Locked Doors


“Why do you always start the car and lock the doors before you open the garage door?” Loved-One asks me.

“It’s because of what happened to Mrs. Bowman.”

When I was a little girl, the Bowmans bought an acre of land from Dad and built a little house there. Mr. Bowman worked at Ma Bell with Dad.  Mrs. Bowman worked at Ma Bell, too, but not the way the men did.

Dad and Mr. Bowman wore Carhartts to work in the winter and drove trucks and climbed poles to fix the lines.  Sometimes they crawled under houses and down coal chutes.

Mrs. Bowman wore church dresses to work and earrings and kitten heels.  I might have thought she was going to church, ‘cept no pretty hat. You always wore a pretty hat to church.

I guessed Mrs. Bowman didn’t have any kids when she first lived next door to us, cuz I never knew a mom that worked.  Well, Mom worked, but not after she had two kids.  I heard her tell Mrs. Bowman that she tried to work when Deanna was a baby, but it was too hard.

“At work I had a calendar with a schedule, and I had things I had to do, and they got done,” I heard her tell Mrs. Bowman.  “At home, every day was a new day.  No matter how hard I try to keep things on a plan…”. Her voice got sort of lonesome. “Well, it’s just too frustrating to try to control the chaos that comes with children.”

Mrs. Bowman nodded and sipped her coffee and looked at the floor.  Maybe she tried to keep her mind and eyes off all the chaos.

I heard Mom and Dad talking about something that happened to Mrs. Bowman on her way to work.  She opened the garage door and was heading for the car when somebody grabbed her.  She managed to push him off by stabbing him with her keys.  She jumped in her car super fast and locked all the doors.  I guess it was lucky she had long arms and didn’t drive a van like we did. Mrs. Bowman was so scared she just drove off and left the garage door wide open.

“Can you imagine that happening way out here where everyone knows each other?” Mom said.

“Just goes to show, you never can tell.”

“I’m going to put another sign on the door that says, ‘There’s six kids in here and they all have the chicken pox,” Mom said.  “That’ll keep any sane person away.”

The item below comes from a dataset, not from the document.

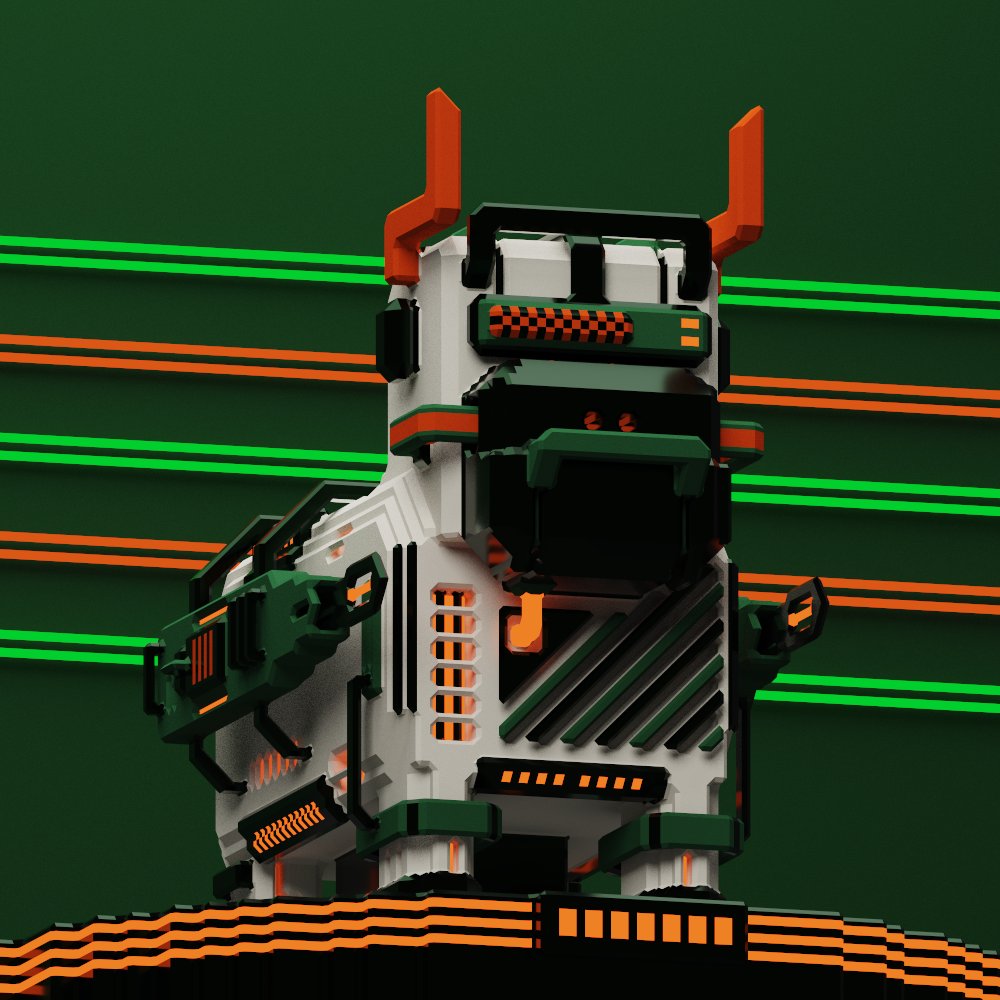 GM!🌞

👈Left OR Right👉 ?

Later on, Mrs. Bowman had three kids: Scott, Sandy, and Mark.  Scott was just the same age as Loren Dee-Dee-Bopper, so come to think of it, he must’ve been a born when the Bowmans moved next door.  Scott decided to drink some Draino and got asthma from it.  Mom said he was lucky to be alive and why would a kid drink something so horrid. By the time Mark came along, Mrs. Bowman decided to stay home with all the chaos and stop working. Bonita and I were old enough to babysit whenever Mr. and Mrs. Bowman went out to the show or to the beer garden.

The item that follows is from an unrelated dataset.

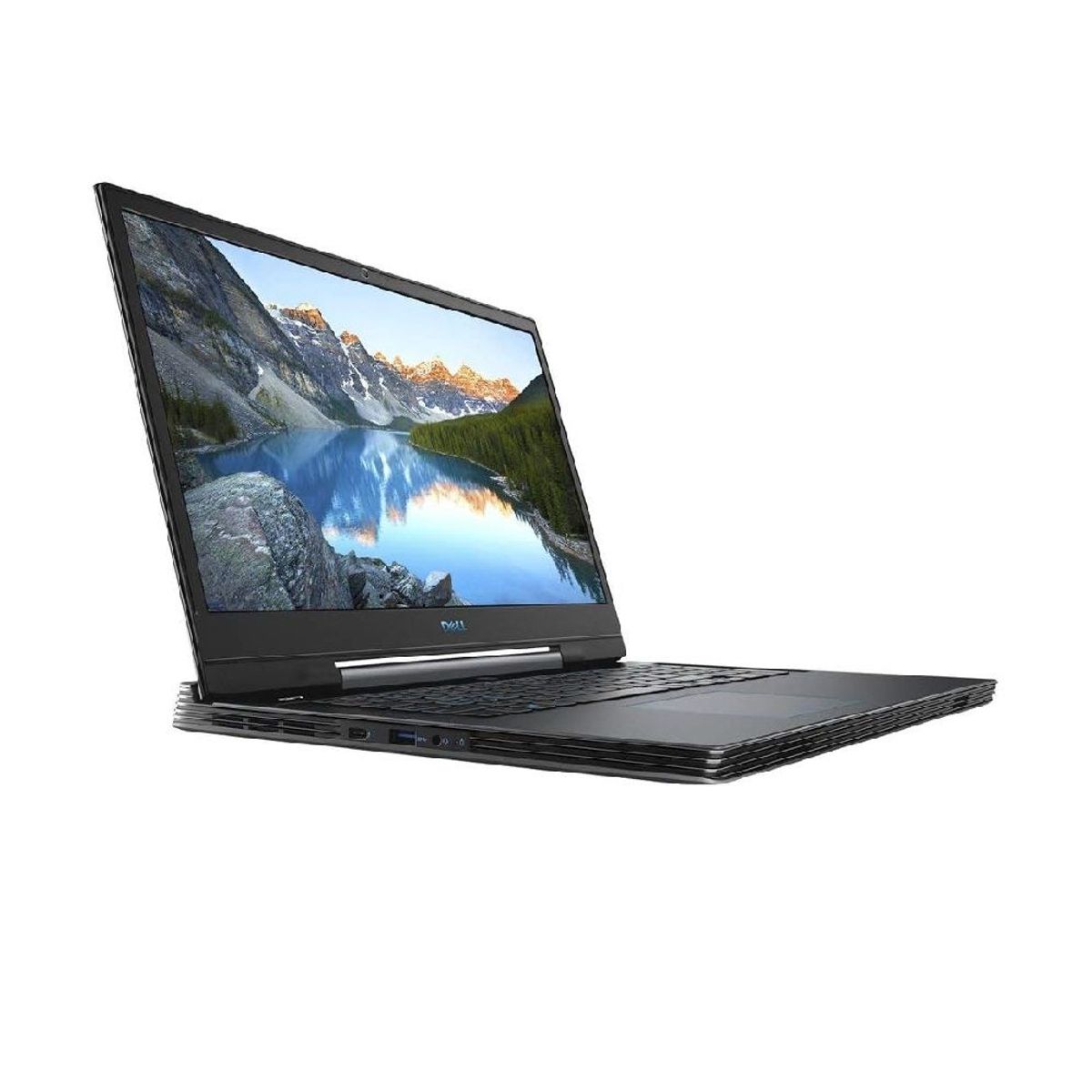 DELL - Laptop Dell Latitude E6440 14 Intel Core i7 240GB SSD 8GB Negro  REACONDICIONADO.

I liked to read Mr. Bowmans science fiction magazines after the kids went to bed. I stories gave me the heebie-jeebies, and sometimes I dreamed about pear-shaped men hanging from dead trees, like in one of the stories I read.

Bonita and Adela

Once Bonita got a phone call when she was babysitting.

“Do you want a truck?” the caller said.

“You’ll have to call back later,” Bonita said.

“I said, do you want a truck?”

“I’m just the babysitter.  You’ll have to call back later.”

“I wanna know if you want a truck.”  Bonita told me the guy was getting sorta mad.

“I can’t answer you. Call back later.”

That’s when Bonita realized the frustrated man was not saying truck, but something that rhymed with truck.  She told me she could feel all the blood drain out of her face and she hung up with a bang.

I heard Mrs. Bowman tell Mom that I was so good with her kids because I liked to play with them.  Mom said I was still a kid myself, that’s why.  I remember thinking that I was never going to forget what it was like to be a kid and playing with kids is the most fun ever. How could anyone forget what it was like to be one?

After a while the Bowmans moved to Arizona on account of Scott’s asthma.  Mrs. Bowman said the dry air was super good for her curly hair, too.  She never had the frizzies like she did in Michigan.

It’s funny how one little question Loved-one asked brought back so many memories.   Bonita and I still laugh how she frustrated an obscene caller.  I never forgot what it’s like to be a kid. (Well, maybe the tough part has faded a bit.) Loren still keeps in touch with his childhood friend, Scott.

All the tripping down memory lane got me thinking about how the things one person says and does can have impact for a long time. I’m sure Mrs. Bowman has no idea how much I remember her or how much her words and actions stuck with me.  And I’ll bet Mr. Bownman never realized that he turned one little girl into a science fiction fan.

I’ll bet neither Mom nor Mrs. Bowman would ever guess that one overheard conversation would make a little girl make a promise to herself to never forget what it’s like to be a child.

Who has an impact on you like the Bowman’s did on me?  Do you ever think about looking them up and saying thank you?